On 7/27/25 9:09 AM, Greg Wooledge wrote:
On Sun, Jul 27, 2025 at 07:33:36 -0500, Richard Owlett wrote:
Now I have to relearn how to extract specific content from spreadsheets.
Something I haven't done in close to two decades.
What I usually ended up doing was opening the spreadsheet in Libre Office,
then saving it as a "CSV" (comma-separated values) file. I'm not aware
of any way to do that purely from the command line.
I was thinking along that line.
My first sub-task will be to delete 29 of 37 columns as irrelevant ;}
I've just noticed that LibreOfficeCalc has option to save as a dBase
file - should solve a number of potential problems.
Once you have a CSV file, there are a plethora of tools you can use
to extract pieces of it. CSV is a set of plain text formats with some
punctuation characters serving as field and record delimiters. The
exact punctuation characters in use will vary, so you will need to
examine the file manually at first, to see what you're dealing with.

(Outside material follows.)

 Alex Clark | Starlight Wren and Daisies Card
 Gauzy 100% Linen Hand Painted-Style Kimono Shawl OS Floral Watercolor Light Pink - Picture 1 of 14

There are also settings you can use within Libre Office, or whatever
program you used to produce the CSV file, to select your preferred
delimiters.
If you give us the URL of a spreadsheet (or a CSV file) and tell us
precisely what parts of it you want to extract, I'm certain someone
here will be able to cobble together a program to do it, in some
programming language, possibly even one you've already got installed.
A CSV version of the 8 column version of the spreadsheet could likely be
pretty-printed by a half-dozen BASIC DO loops.
All of this will be *significantly* easier than unspecified PDF file
manipulations.